# How can I find some first terms of a sequence?

I have a sequence knowing that $$a_1=15$$, $$a_{n+1} = a_n + \sqrt{2a_{n+1}-a_n}$$. I want to find some the first terms. I tried by my hand

k := 15;
Solve[x == k + Sqrt[2 x - k], x]


{{x -> 20}}

k := 20;
Solve[x == k + Sqrt[2 x - k], x]


{{x -> 21 + Sqrt[21]}}

I am trying to find a general formulas. I tried

ClearAll["Global*"];
RSolve[{a[x, n + 1] == a[x, n]  + Sqrt[ 2 a[x, n + 1] - a[x, n] ],
a[x, 1] == 15}, a[x, n], n] // FullSimplify


{{a[x, n] -> (-6 + n) (-4 + n)}, {a[x, n] -> (2 + n) (4 + n)}}

The out put, e.g $$(2 + n) (4 + n)$$ is incorrect, I think that.

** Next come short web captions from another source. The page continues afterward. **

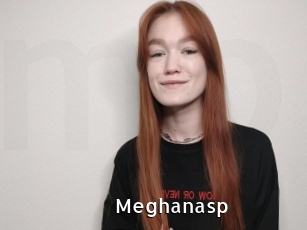 Meghanasp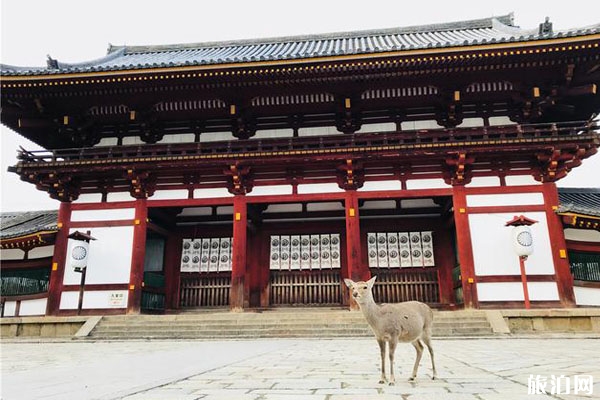 奈良公園游玩路線+景點介紹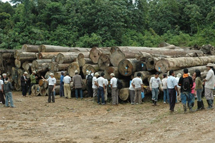 Toistaiseksi kansainvälinen, laillinen puukauppa on perustunut vapaaehtoisiin kumppanuussopimuksiin. Muun muassa Indonesialla ja EU:lla on ollut sopimus vuodesta 2011. Kuva: Europeaid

How to find some first terms of the sequence $$a_1=15$$, $$a_{n+1} = a_n + \sqrt{2a_{n+1}-a_n}$$?

Try this to give you some of the first terms.

sol=15;
Table[sol=b/.ToRules[FullSimplify[Reduce[{a==sol,b==a+Sqrt[2b-a]},b]]],{4}]


which returns

{20,
21+Sqrt[21],
22+Sqrt[21]+Sqrt[22+Sqrt[21]],
23+Sqrt[21]+Sqrt[22+Sqrt[21]]+Sqrt[23+Sqrt[21]+Sqrt[22+Sqrt[21]]]
}


If you want a decimal approximation of that then follow it with

N[%]


and get

{20.,25.5826,31.7384,38.4602}


Test that brutally. Is it exactly correct?

That does not give you a closed form algebraic solution but it does give you "some first terms of your sequence." Remove the FullSimplify` to make it somewhat faster, but then you won't see the structure of the solutions.